Campus Life

Stockton’s food pantry expansion is solving student food insecurity

When surveyed, student hunger is seen as the third largest issue affecting campuses, leading students to be unable to concentrate and struggle to maintain their grades. Since 2015, Stockton University’s food assistance program funded by the Student Senate and the Division of Student Affairs has aided food insecurity among students. The program provides students with community resources, dining vouchers, and most importantly, an on campus food pantry. 

The food pantry serves over 200 students and hopes that with the recent Hunger Free Campus Grant, the university will be able to help even more. In 2019, the state of New Jersey signed the Hunger Free Campus Act, which set aside one million dollars for higher education institutions to apply for funding. 

Dr. Craig Stambaugh, Assistant Vice President of Engagement and Community Development, and Monica Viani, an assistant supervisor for the Dean of Students, were thrilled by the act, and saw it as an opportunity to expand the food pantry to help more students. The first attempt at receiving the grant in 2020 had been hindered by the COVID-19 pandemic. By the winter of 2021, the necessary data and language requirements had changed. Because of this, Stockton had to resubmit the application and saw far greater success as when they secured $80,000 that will fund the food pantry for the next three years, along with the continued funding from Student Senate and Student Affairs. 

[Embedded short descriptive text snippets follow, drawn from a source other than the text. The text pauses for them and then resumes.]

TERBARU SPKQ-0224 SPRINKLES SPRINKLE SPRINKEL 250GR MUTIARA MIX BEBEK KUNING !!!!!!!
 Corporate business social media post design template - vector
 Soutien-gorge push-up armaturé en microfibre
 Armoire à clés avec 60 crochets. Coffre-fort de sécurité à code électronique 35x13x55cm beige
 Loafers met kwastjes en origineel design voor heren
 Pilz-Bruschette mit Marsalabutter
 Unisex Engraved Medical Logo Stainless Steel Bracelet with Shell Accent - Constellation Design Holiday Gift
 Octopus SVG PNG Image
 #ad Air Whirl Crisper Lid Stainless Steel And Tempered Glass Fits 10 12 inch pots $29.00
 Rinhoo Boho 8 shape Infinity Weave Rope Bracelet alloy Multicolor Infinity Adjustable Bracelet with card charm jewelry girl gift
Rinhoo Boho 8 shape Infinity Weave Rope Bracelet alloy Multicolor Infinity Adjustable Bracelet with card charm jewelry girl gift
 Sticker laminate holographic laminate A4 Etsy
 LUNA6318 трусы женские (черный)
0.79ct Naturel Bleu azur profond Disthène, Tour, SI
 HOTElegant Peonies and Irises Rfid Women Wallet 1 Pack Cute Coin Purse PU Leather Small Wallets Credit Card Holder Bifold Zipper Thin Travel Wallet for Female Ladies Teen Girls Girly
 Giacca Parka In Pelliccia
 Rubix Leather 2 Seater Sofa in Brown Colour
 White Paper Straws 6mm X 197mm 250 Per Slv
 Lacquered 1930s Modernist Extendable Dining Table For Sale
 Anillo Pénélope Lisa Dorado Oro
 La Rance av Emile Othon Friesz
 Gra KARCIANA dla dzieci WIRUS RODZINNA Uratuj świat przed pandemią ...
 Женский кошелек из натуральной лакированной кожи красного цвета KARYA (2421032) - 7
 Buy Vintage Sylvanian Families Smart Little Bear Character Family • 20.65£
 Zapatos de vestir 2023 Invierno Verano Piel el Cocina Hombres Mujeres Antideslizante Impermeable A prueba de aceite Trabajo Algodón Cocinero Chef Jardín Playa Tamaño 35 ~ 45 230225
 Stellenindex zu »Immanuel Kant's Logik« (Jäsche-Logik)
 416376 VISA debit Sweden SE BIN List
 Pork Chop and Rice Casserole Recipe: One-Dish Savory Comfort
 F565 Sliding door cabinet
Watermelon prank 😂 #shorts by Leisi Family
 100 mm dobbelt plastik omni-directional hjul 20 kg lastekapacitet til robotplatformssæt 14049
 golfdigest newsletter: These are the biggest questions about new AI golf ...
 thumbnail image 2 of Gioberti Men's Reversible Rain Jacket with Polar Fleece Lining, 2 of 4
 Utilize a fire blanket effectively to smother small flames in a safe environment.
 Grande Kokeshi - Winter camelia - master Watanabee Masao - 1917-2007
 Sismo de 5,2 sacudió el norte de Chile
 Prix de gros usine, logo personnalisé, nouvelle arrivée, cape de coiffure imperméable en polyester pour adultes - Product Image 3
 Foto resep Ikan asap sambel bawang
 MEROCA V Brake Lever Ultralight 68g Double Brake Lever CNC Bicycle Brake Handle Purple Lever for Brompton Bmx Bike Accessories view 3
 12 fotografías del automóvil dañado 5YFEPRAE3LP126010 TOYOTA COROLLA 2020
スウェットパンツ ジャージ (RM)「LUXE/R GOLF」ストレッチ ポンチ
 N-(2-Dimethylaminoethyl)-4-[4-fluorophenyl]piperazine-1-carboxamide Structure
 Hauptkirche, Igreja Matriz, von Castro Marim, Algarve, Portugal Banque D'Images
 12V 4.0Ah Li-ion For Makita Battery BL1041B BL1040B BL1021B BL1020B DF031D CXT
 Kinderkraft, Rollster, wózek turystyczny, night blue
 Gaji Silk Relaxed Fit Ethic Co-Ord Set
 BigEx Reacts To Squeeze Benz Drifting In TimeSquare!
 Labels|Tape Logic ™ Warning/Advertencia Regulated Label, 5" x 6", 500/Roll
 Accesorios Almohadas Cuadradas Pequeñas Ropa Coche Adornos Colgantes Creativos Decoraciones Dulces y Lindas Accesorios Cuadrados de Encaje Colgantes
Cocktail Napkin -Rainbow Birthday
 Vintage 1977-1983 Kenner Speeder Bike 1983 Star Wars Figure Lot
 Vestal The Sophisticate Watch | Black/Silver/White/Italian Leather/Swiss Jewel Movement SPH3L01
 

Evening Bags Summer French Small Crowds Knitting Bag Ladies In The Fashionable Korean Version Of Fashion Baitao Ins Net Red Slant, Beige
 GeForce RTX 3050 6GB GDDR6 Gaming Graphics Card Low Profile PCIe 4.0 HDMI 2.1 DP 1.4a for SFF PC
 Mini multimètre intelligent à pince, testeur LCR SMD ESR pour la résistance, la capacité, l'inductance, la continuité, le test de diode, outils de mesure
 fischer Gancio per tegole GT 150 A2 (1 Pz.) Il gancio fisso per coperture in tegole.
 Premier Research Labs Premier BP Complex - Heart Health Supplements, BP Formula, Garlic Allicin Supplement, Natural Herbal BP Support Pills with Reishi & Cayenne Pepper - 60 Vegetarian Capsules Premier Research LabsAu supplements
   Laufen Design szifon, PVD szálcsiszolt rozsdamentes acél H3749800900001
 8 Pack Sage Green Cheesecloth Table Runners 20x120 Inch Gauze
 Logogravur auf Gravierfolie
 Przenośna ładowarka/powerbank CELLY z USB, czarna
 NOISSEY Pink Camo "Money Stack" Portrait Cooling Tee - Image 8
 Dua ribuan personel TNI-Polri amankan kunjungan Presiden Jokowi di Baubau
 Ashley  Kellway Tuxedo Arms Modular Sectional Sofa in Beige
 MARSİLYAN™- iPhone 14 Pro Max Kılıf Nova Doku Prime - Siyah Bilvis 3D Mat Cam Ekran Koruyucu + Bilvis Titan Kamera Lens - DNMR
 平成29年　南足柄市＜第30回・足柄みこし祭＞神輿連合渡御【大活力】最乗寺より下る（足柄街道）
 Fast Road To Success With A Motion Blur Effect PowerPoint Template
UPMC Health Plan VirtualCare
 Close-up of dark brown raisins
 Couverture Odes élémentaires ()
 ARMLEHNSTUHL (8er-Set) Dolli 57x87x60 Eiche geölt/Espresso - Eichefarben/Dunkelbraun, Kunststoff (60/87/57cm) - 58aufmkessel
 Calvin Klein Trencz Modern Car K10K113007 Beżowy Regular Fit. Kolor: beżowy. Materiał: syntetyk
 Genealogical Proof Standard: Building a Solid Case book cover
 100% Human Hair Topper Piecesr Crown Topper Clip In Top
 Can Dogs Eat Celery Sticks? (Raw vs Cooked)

The grant is used to expand the food pantry, which will now reside within the Townsend Residential Life Center (TRLC). The new facilities will allow for refrigeration and expanded food options for students enrolled in the food assistance program. 

“The inventory of the pantry already comes from numerous sources,” said Dr. Stambaugh, “the Community Food Bank of South Jersey, campus food drives, private donations initiated through the ‘wish list’ link on the website, campus food drives, Walmart.  Produce from the Stockton farm will be added this fall now that we have refrigeration capabilities.  We are also collaborating with our colleagues in Atlantic City to possibly obtain produce from the Atlantic City Farmers Market events.”

With the expansion into the TRLC, enrolled students will know that there is a safe place to solve food insecurity at Stockton. The pantry is also unique because Stockton does not have a point system or visit limitations so students can get whatever they need, whenever they need it. The food pantry also offers meal vouchers in limited quantities for students that need more assistance as well, and for students who need both food and cookware, the pantry can provide necessary pots and pans to students who talk directly to Monica Viani. 

For students looking to apply for the food assistance program, the application on the Dean of Students website takes less than two minutes. 

For students who are hesitant to apply for the program, Dr. Stambaugh said, “Please understand that the University has established this resource because we understand students often need to make choices between food, books, or other necessities.  Hopefully, the presence of the food pantries will eliminate the need to make such choices.  Similar to tutoring services, counseling, and other resources, the food pantry is simply an additional resource to help students succeed.”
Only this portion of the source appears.